# PROBLEM STATEMENT
Quote only the span from the first line of the entries to the line containing "Lecture Piano Ce2", both ends kept. Leave every picture out.

*** SUPPLIED MATERIAL ***

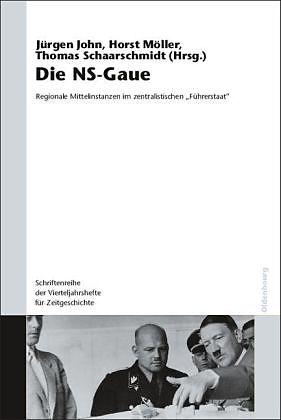 Produktbild Die NS-Gaue (Deutsch, Französisch, Horst Möller, Jürgen John, Thomas Schaarschmidt, 2007)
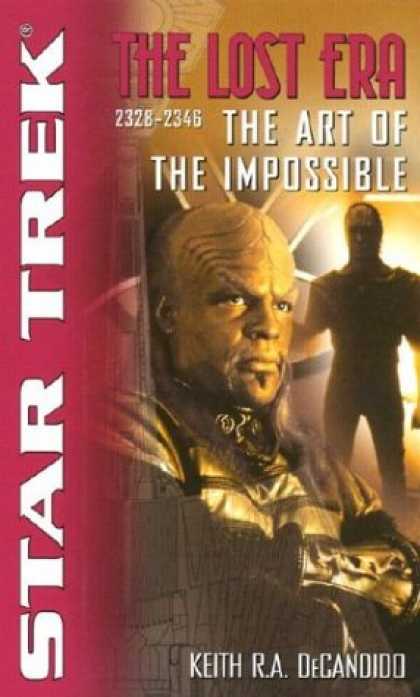 Star Trek Books - The Art of the Impossible (Star Trek: The Lost Era, 2328-2346)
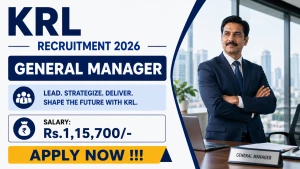 KRL General Manager Recruitment 2026 - Apply Online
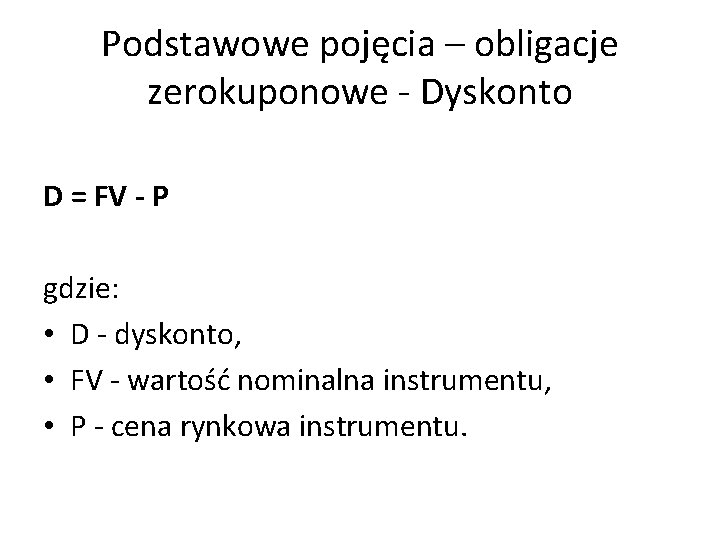 Podstawowe pojęcia – obligacje zerokuponowe - Dyskonto D = FV - P gdzie: •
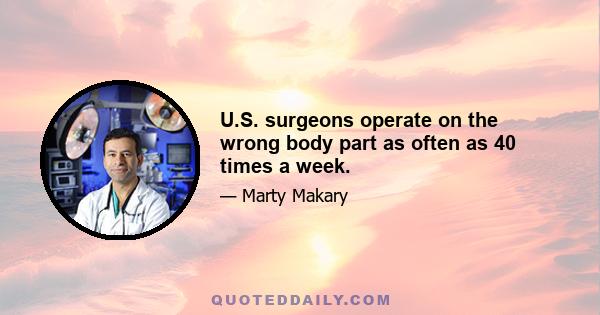 U.S. surgeons operate on the wrong body part as often as 40 times a week.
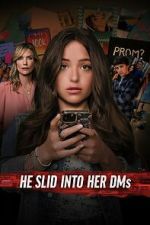 Watch He Slid Into Her DMs 123movies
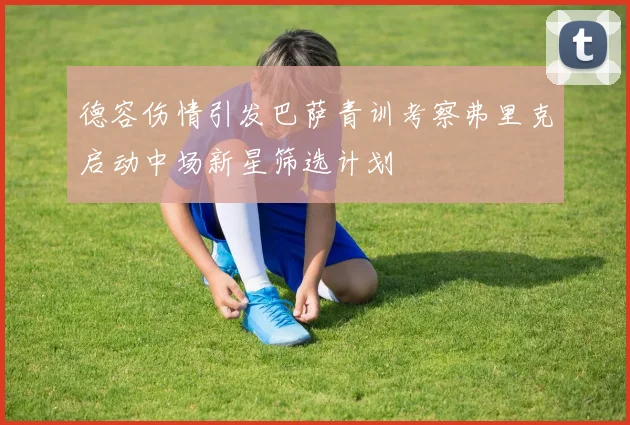 德容伤情引发巴萨青训考察弗里克启动中场新星筛选计划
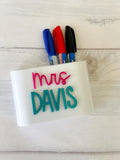 Personalized Supply Holder - Dry Erase Marker Holder - Marker Storage - Magnetic - Classroom Decor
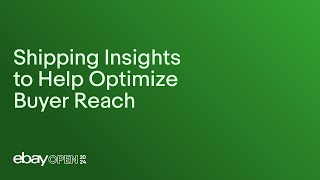 Shipping insights to help optimize buyer reach eBayOpen2024 [upl. by Akcirederf60]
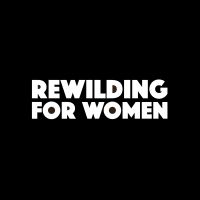 ReWilding for Women - Empowering women through Meditation, Astrology, Goddess Practice, Shamanism and Inner Archetype Access cover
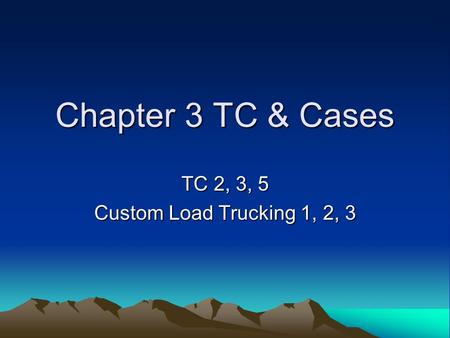 Chapter 3 TC & Cases TC 2, 3, 5 Custom Load Trucking 1, 2, 3.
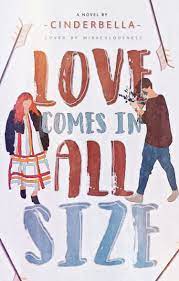 Bring your wattpad book to the marketplace with an amazing custom book cover. Love Comes In All Size Books For Teens Wattpad Books Romantic Books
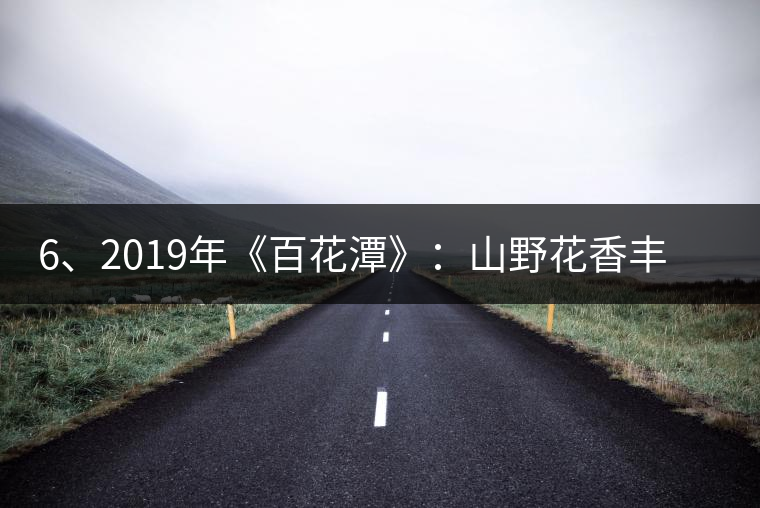6、2019年《百花潭》：山野花香豐富妖嬈，氣韻強(qiáng)勁，極度甜柔、飽滿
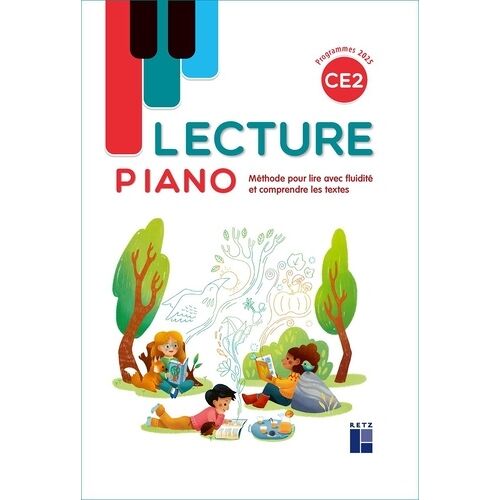 Lecture Piano Ce2 - Manuel - Méthode Pour Lire Avec Fluidité Et Comprendre Les Texte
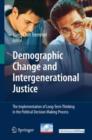Image for Demographic Change and Intergenerational Justice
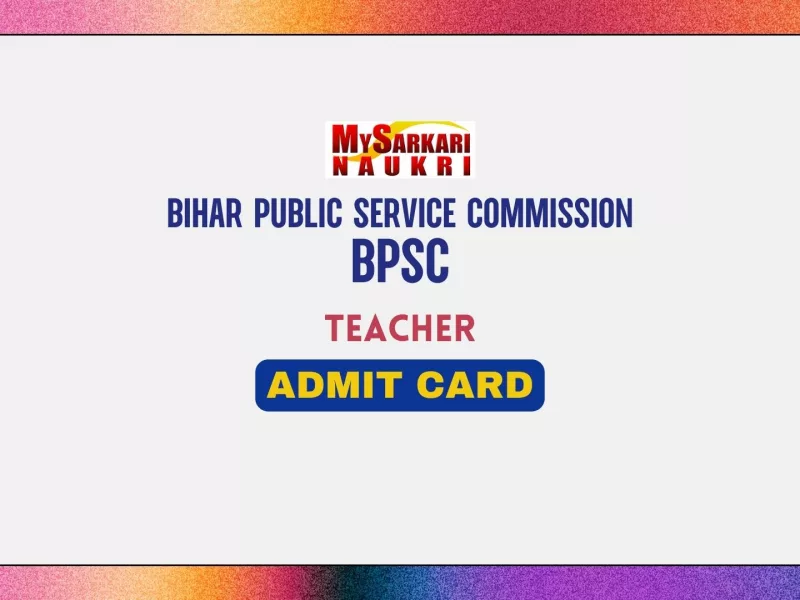 BPSC Teacher Admit Card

*** End of SUPPLIED MATERIAL ***

# WRITTEN ANSWER
 Produktbild Die NS-Gaue (Deutsch, Französisch, Horst Möller, Jürgen John, Thomas Schaarschmidt, 2007)
 Star Trek Books - The Art of the Impossible (Star Trek: The Lost Era, 2328-2346)
 KRL General Manager Recruitment 2026 - Apply Online
 Podstawowe pojęcia – obligacje zerokuponowe - Dyskonto D = FV - P gdzie: •
 U.S. surgeons operate on the wrong body part as often as 40 times a week.
 Watch He Slid Into Her DMs 123movies
 德容伤情引发巴萨青训考察弗里克启动中场新星筛选计划
 Personalized Supply Holder - Dry Erase Marker Holder - Marker Storage - Magnetic - Classroom Decor
 Shipping insights to help optimize buyer reach eBayOpen2024 [upl. by Akcirederf60]
 ReWilding for Women - Empowering women through Meditation, Astrology, Goddess Practice, Shamanism and Inner Archetype Access cover
 Chapter 3 TC & Cases TC 2, 3, 5 Custom Load Trucking 1, 2, 3.
 Bring your wattpad book to the marketplace with an amazing custom book cover. Love Comes In All Size Books For Teens Wattpad Books Romantic Books
6、2019年《百花潭》：山野花香豐富妖嬈，氣韻強(qiáng)勁，極度甜柔、飽滿
 Lecture Piano Ce2 - Manuel - Méthode Pour Lire Avec Fluidité Et Comprendre Les Texte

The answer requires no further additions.